Open Road Media digital reissue date: February 19, 2013
The first book in Philippa Carr’s celebrated Daughters of England series is at once a love story, a mystery, and an epic historical saga set during the tumultuous reign of Henry VIII.
Damask Farland, named after a rose, is captivated by the mysterious orphan Bruno. Discovered upon the abbey altar on Christmas morning, then raised by monks, Bruno becomes the great man whom Damask grows to love—only to be shattered by his cruel betrayal.
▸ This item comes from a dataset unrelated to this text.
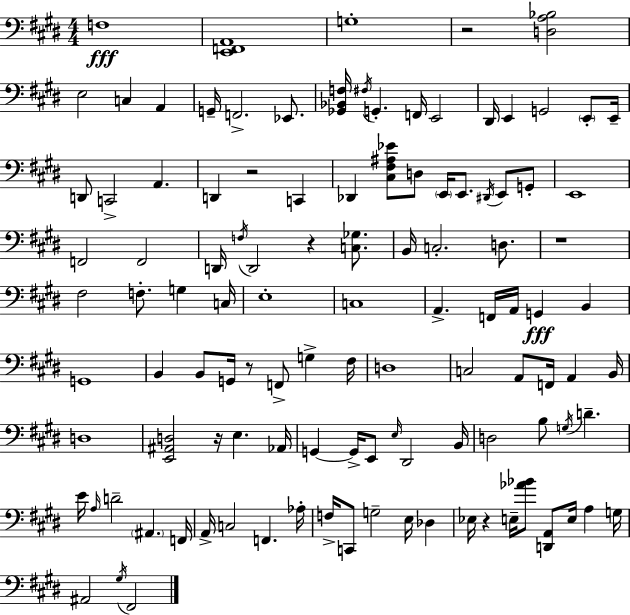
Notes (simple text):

This dramatic coming-of-age novel is set in sixteenth-century England, during the chaotic years when Henry VIII stunned the royal court by setting his sights on Anne Boleyn. It’s also the tale of a man whom many believed to be a holy prophet … until a shocking truth is unearthed in the shadows of a centuries-old abbey.
Heat Rating: 1
Review Rating: 3.5 STARS
Review by Ginger Myrick
The Miracle at St. Bruno’s by Philippa Carr is the first novel in the Daughters of England series. It opens during the time of ‘the king’s secret matter’—King Henry VIII’s attempt to put away his first wife, Katherine of Aragon, to marry Anne Boleyn—and moves through the reigns of his successors, concluding shortly after the coronation of Elizabeth I. It is the coming of age story of Damask Farland, the daughter in a privileged household with mysterious ties to neighboring St. Bruno’s Abbey. The tale revolves around the relationship between Damask, her vibrant cousin Kate, and Bruno, the miracle child from next door. Damask finds herself caught up in the middle of the intrigue as the romantic idealizations of her youth deteriorate into a loveless union with a man desperately attempting to maintain his reputation of divine origin.
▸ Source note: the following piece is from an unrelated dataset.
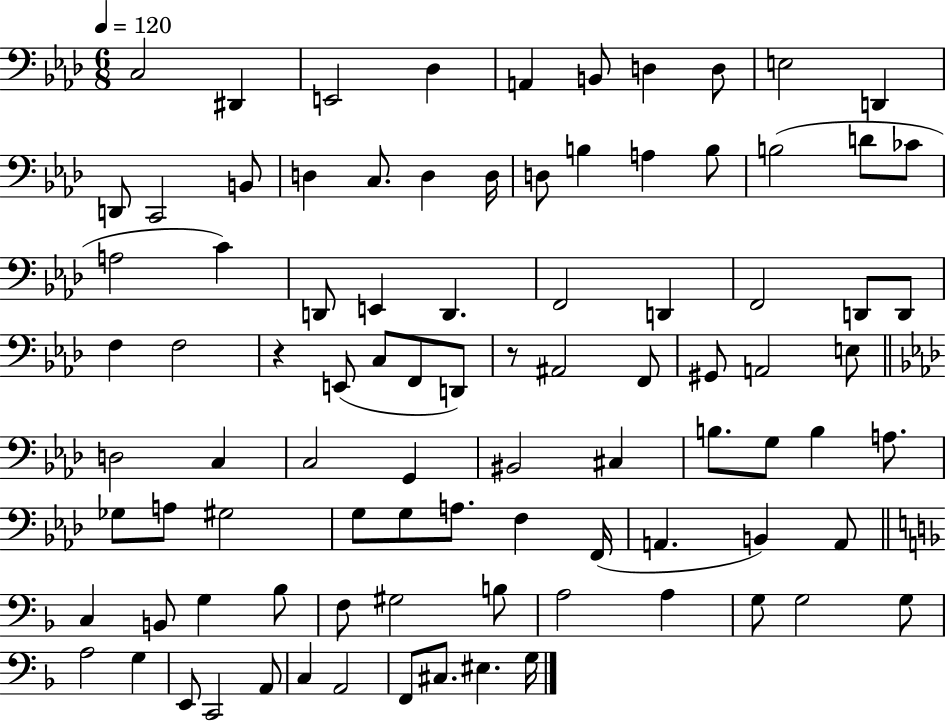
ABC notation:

Painting a vivid picture rich with historical detail, The Miracle at St. Bruno’s gives an enlightening perspective of life in continual upheaval due to the fluctuation of the religious beliefs of those who sit on the throne. The focus is placed more on the setting and political implications of the day and their bearing on the general populace than on the characters themselves with the protagonist’s story being secondary. For me, the tale was too gloomy to hold any real romantic quality, and in my opinion, this book tends more toward straight historical fiction.
As an avid fan of Eleanor Hibbert, I had expected to love The Miracle at St. Bruno’s as much as her others but was disappointed by the slow moving and somewhat predictable plot, lukewarm characters, and uninspired relationships. There were moments of promise at which I began to anticipate an exciting new twist that never developed into any fulfilling conclusion. The edition I received had a preview of the second novel in the series, The Lion Triumphant, and within the first few pages it promised much more romance than book one. Only then did I realize that the first was written as a foundation for succeeding volumes. I would recommend this book to hardcore Hibbert fans, readers who plan to take on the entire series, and those who find pleasure in historical fiction that does not depend upon a romantic relationship to drive it.
Ginger Myrick was born and raised in Southern California. She is a self-described wife, mother, animal lover, and avid reader. Along with the promotion for THE WELSH HEALER, and EL REY, she is currently crafting her third novel, which takes place during post-Civil War New York. She is a Christian who writes historical fiction with a ‘clean’ love story at the core.